- _WHAT NEEDS TO BE DONE_: For the entries that follow, report how many lines include the word "Wolfskin" and add nothing.

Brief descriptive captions
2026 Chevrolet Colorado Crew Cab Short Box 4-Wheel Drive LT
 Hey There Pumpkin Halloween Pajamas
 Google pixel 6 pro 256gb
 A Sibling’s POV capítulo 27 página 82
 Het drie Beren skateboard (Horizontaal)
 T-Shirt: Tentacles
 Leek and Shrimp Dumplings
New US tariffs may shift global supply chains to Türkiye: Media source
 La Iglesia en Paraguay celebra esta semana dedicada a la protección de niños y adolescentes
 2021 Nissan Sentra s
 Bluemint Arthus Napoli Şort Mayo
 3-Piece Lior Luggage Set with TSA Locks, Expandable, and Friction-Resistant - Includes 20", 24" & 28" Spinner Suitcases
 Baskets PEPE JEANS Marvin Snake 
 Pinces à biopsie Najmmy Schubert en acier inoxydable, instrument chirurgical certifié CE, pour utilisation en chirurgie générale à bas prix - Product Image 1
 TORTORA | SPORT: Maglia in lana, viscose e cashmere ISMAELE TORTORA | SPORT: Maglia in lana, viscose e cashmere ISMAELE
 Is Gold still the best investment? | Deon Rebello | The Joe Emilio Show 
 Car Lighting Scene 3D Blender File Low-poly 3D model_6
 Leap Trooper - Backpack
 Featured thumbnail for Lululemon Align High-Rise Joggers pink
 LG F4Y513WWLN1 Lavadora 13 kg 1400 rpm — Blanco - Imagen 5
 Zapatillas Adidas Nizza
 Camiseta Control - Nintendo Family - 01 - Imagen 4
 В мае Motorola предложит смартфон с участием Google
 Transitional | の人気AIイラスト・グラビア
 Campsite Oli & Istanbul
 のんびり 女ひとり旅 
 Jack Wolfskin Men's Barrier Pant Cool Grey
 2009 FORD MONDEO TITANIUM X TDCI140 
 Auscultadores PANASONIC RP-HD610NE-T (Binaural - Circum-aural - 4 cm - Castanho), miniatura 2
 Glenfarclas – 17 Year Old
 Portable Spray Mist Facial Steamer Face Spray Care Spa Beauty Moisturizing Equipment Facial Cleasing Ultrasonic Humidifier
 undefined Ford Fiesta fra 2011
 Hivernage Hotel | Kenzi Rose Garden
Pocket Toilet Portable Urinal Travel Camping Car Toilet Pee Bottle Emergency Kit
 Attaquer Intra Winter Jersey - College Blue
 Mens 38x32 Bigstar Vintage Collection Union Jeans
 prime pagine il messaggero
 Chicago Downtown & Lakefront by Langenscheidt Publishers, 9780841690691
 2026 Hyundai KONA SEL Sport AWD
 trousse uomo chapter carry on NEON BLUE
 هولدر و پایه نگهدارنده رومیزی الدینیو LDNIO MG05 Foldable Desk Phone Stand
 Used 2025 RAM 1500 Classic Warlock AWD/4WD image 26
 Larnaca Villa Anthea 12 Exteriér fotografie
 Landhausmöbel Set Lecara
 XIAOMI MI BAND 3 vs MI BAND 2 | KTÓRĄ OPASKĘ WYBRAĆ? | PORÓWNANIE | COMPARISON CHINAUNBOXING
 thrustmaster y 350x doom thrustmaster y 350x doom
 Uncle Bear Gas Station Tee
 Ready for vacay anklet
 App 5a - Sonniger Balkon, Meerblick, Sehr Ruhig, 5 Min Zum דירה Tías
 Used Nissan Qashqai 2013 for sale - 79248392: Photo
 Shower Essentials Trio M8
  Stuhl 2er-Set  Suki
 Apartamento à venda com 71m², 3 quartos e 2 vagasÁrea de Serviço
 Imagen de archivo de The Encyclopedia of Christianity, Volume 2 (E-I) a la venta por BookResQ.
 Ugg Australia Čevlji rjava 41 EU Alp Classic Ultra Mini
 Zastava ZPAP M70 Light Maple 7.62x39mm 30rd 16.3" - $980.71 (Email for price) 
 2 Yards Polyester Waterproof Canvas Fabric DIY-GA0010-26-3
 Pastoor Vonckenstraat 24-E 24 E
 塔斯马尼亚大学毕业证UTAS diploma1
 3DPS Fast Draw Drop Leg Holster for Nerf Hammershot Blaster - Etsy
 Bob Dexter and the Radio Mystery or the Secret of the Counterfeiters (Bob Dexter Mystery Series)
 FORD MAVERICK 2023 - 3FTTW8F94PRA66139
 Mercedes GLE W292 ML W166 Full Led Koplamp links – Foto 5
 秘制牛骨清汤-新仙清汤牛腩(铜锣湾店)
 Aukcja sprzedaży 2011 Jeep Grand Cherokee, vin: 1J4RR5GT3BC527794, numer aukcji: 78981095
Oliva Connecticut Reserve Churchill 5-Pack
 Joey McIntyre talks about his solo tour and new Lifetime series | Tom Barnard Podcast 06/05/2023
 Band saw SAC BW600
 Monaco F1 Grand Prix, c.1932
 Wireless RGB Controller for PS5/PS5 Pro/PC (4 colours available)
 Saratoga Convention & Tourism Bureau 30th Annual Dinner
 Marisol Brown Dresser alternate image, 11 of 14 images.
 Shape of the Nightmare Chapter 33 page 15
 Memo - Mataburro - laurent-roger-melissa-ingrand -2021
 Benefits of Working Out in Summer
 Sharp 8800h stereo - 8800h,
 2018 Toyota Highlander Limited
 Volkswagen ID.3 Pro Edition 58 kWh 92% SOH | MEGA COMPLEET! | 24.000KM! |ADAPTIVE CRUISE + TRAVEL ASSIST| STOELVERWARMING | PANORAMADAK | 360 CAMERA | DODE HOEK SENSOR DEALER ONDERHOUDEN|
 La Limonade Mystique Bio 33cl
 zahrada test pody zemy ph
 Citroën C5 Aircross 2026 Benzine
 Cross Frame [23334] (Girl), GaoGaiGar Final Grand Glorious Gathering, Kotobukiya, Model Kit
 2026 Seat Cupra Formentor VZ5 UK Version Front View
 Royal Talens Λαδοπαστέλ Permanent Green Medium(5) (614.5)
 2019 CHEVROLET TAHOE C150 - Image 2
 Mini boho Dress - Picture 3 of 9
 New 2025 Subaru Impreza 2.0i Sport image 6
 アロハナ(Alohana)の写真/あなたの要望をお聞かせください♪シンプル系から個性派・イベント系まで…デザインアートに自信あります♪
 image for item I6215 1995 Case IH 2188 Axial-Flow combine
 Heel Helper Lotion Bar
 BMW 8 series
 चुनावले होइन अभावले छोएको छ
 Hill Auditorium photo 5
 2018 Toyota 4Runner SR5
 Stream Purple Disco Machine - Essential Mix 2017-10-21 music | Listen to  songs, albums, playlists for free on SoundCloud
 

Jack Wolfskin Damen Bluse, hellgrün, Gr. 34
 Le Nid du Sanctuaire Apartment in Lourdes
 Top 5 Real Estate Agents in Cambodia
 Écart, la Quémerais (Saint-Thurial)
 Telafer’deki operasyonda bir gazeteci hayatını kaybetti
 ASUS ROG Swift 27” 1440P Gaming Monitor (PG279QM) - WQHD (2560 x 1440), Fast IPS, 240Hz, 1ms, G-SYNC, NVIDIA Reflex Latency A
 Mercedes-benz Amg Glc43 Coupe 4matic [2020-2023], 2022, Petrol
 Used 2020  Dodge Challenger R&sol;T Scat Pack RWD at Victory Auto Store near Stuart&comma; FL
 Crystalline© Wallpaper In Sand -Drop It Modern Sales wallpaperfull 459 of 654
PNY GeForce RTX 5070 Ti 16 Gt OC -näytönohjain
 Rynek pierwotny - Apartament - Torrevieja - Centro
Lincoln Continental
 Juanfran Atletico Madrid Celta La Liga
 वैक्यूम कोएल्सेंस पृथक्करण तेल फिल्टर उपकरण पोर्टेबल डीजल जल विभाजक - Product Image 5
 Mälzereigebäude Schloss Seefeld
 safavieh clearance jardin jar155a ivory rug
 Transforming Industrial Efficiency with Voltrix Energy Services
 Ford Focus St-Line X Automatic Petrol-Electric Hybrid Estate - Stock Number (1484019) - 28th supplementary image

- _ANSWER AREA_: 2